Previous - Difference between Z Distribution and T Distribution

Confidence Intervals/Limits

Confidence Intervals/Limits are a way of taking data from a sample and saying something about the population from which the sample was drawn. Interval estimates are often desirable because the estimate of the mean varies from sample to sample. Instead of a single estimate for the mean, a confidence interval generates a lower and upper limit for the mean. The interval estimate gives an indication of how much uncertainty there is in our estimate of the true mean. The narrower the interval, the more precise is our estimate.
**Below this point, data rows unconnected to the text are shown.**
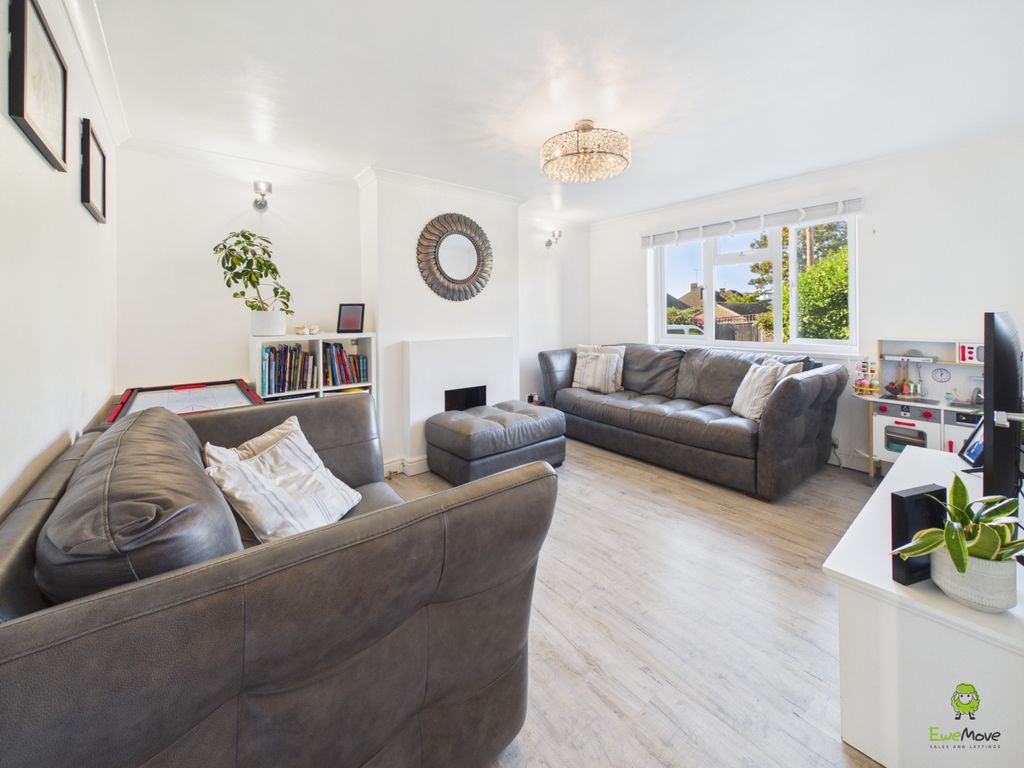 Property photo 2 of 17 Presented By Clinton At Ewemove Bexleyheath And Da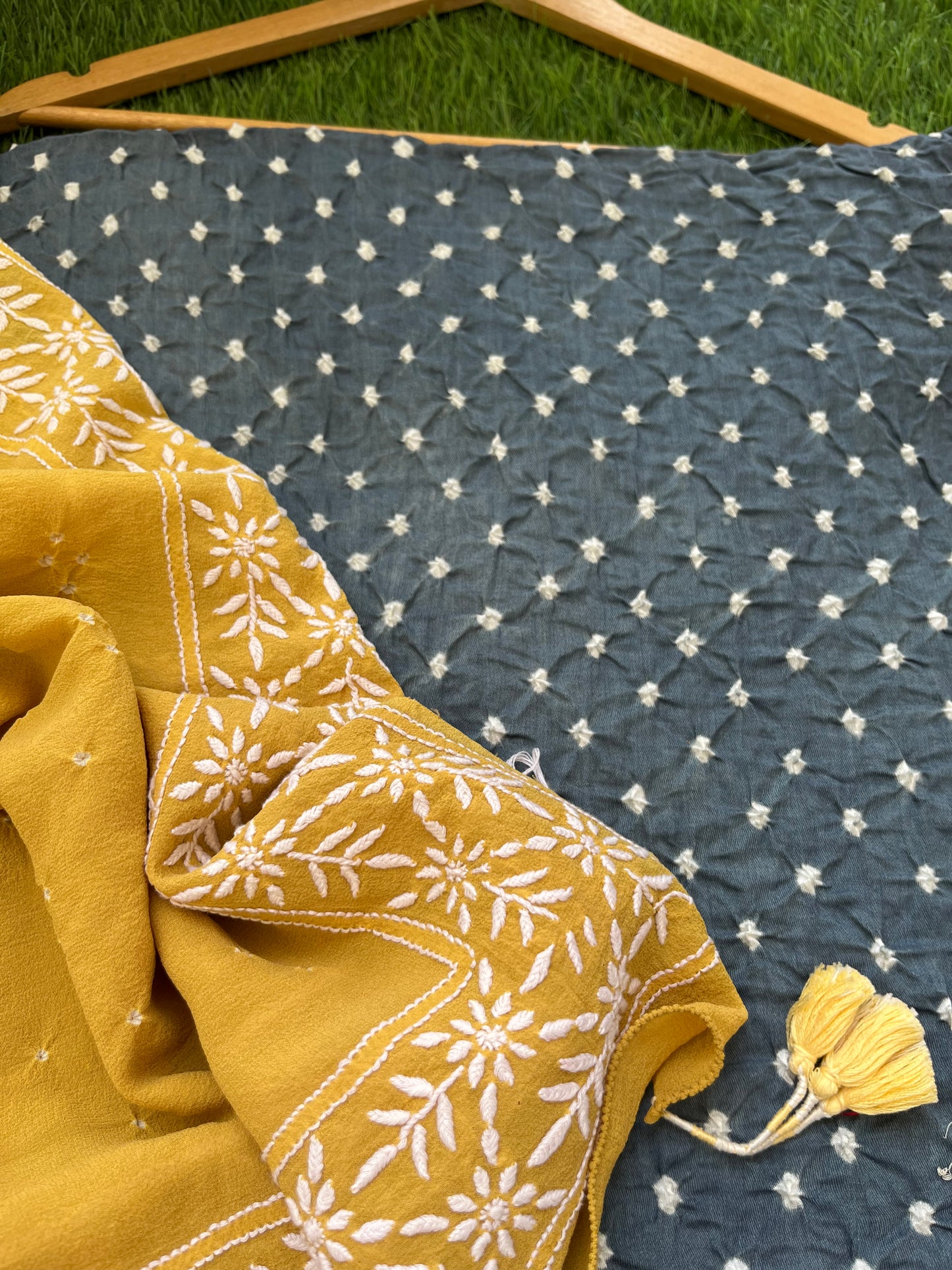 Bandhani kurta chikankari Dupatta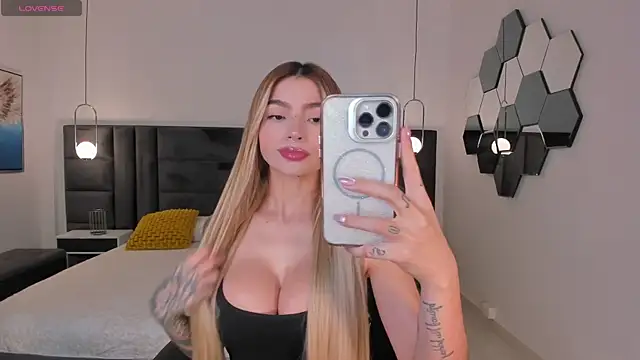 LexieWayne's Live XXX Chat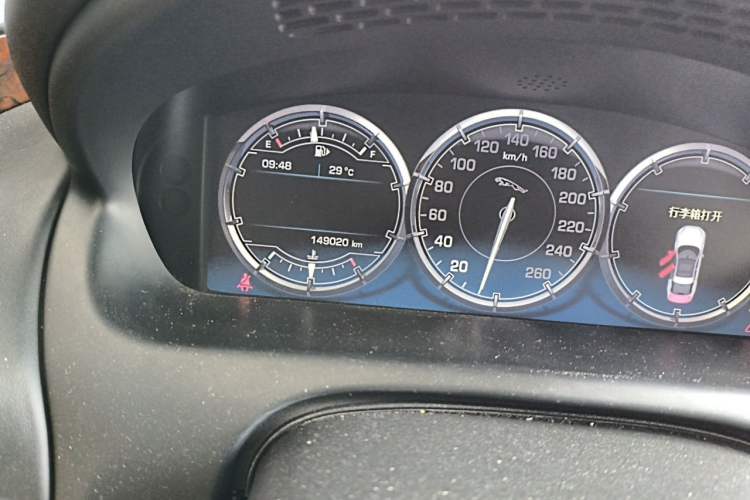 Used Jaguar XJ 2013 XJL 3.0 SC Panoramic Business Edition Odometer Close Up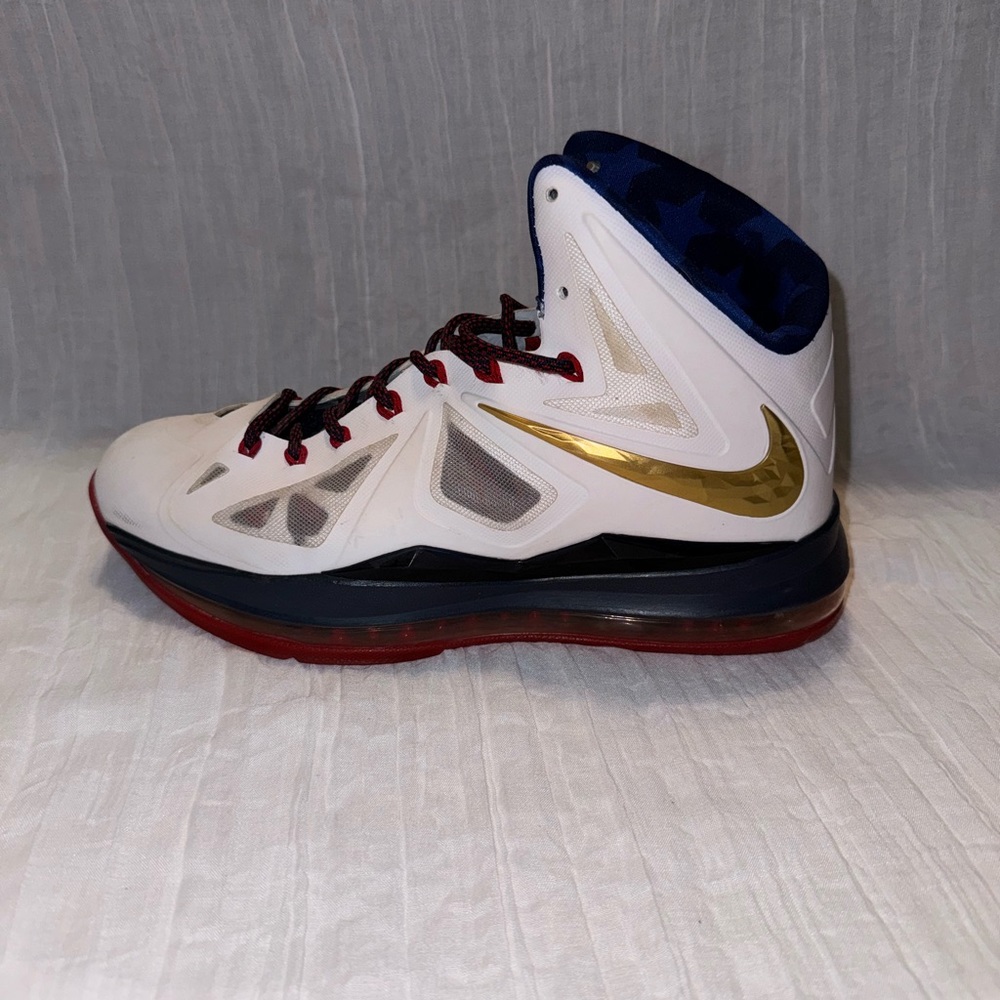 Lebron 10s “Gold Medal”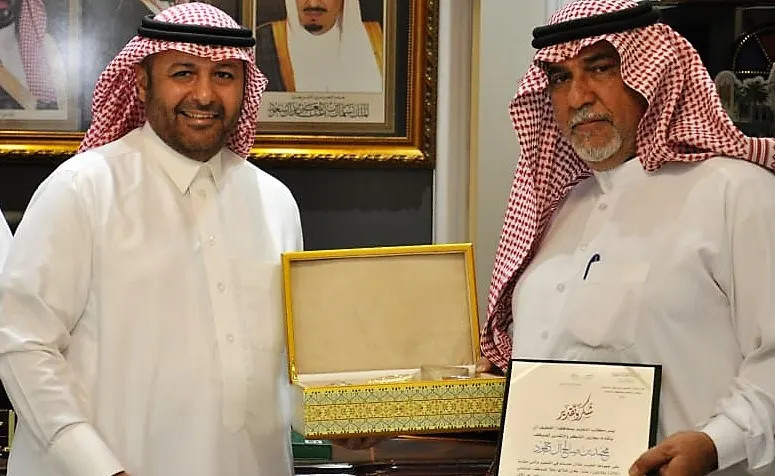 ابن “الجشّ” آل حمود يترجّل عن 33 سنة في خدمة التعليم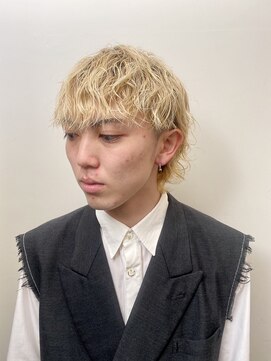 オンザ(ONTHE) タイトなブロンドパーママッシュウルフ【林京平】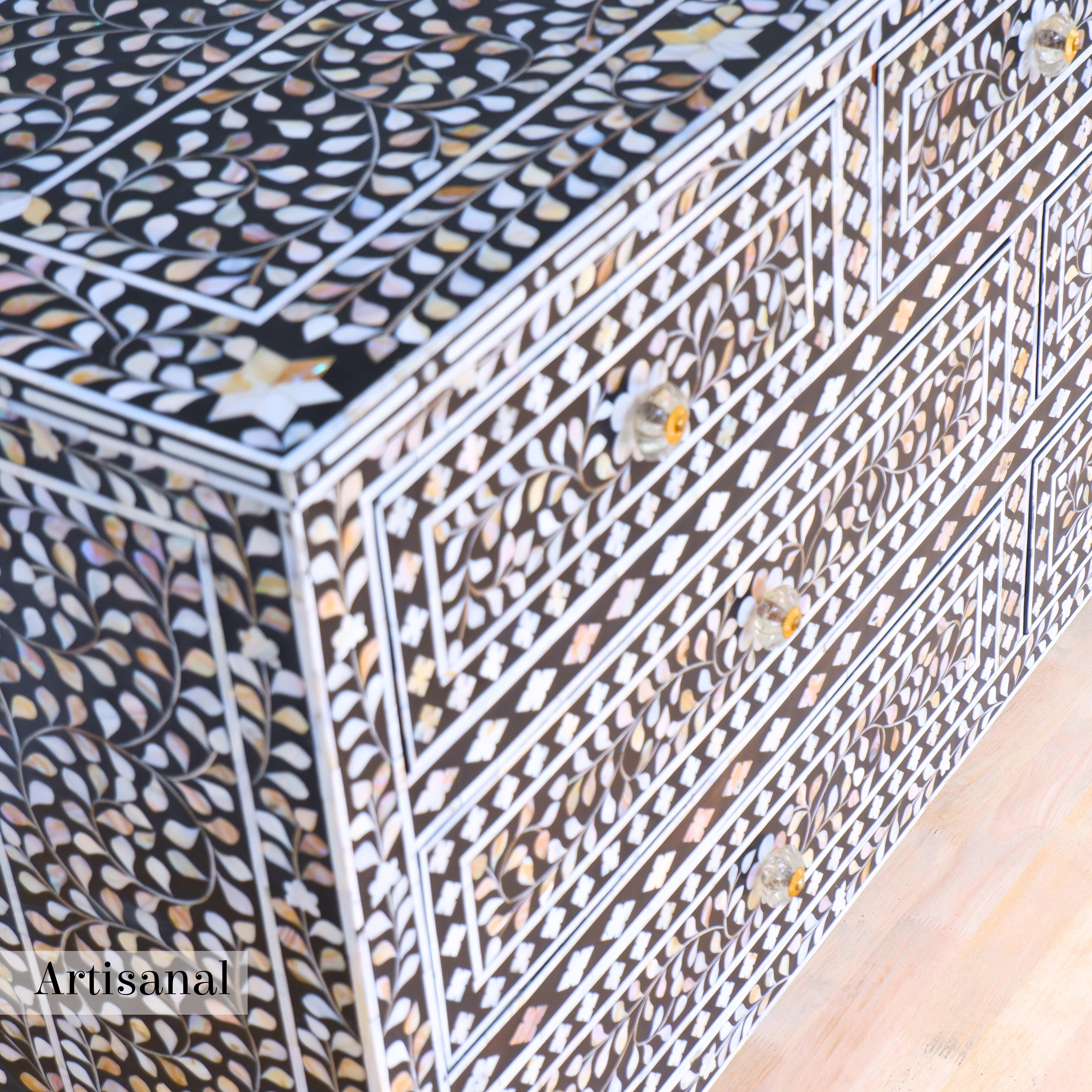 Commode anglo-indienne en nacre noire fabriquée à la main par Artisanal Neuf - En vente à New York, NY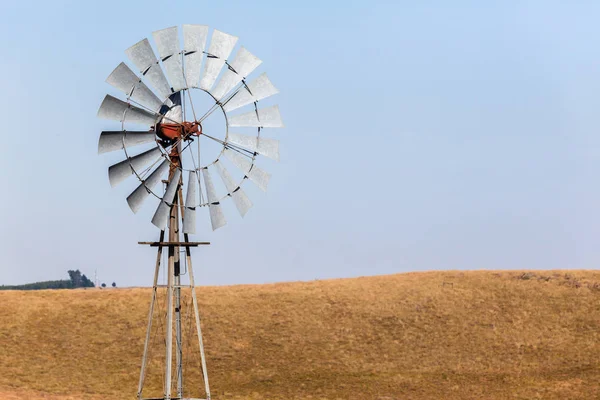 Agriturismo Mulino a vento Paesaggio — Foto Stock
Confidence limits are expressed in terms of a confidence coefficient. Although the choice of confidence coefficient is somewhat arbitrary, in practice 90%, 95%, and 99% intervals are often used, with 95% being the most commonly used. As a technical note, a 95% confidence interval does not mean that there is a 95% probability that the interval contains the true mean. The interval computed from a given sample either contains the true mean or it does not. Instead, the level of confidence is associated with the method of calculating the interval. The confidence coefficient is simply the proportion of samples of a given size that may be expected to contain the true mean. That is, for a 95% confidence interval, if many samples are collected and the confidence interval computed, in the long run about 95% of these intervals would contain the true mean.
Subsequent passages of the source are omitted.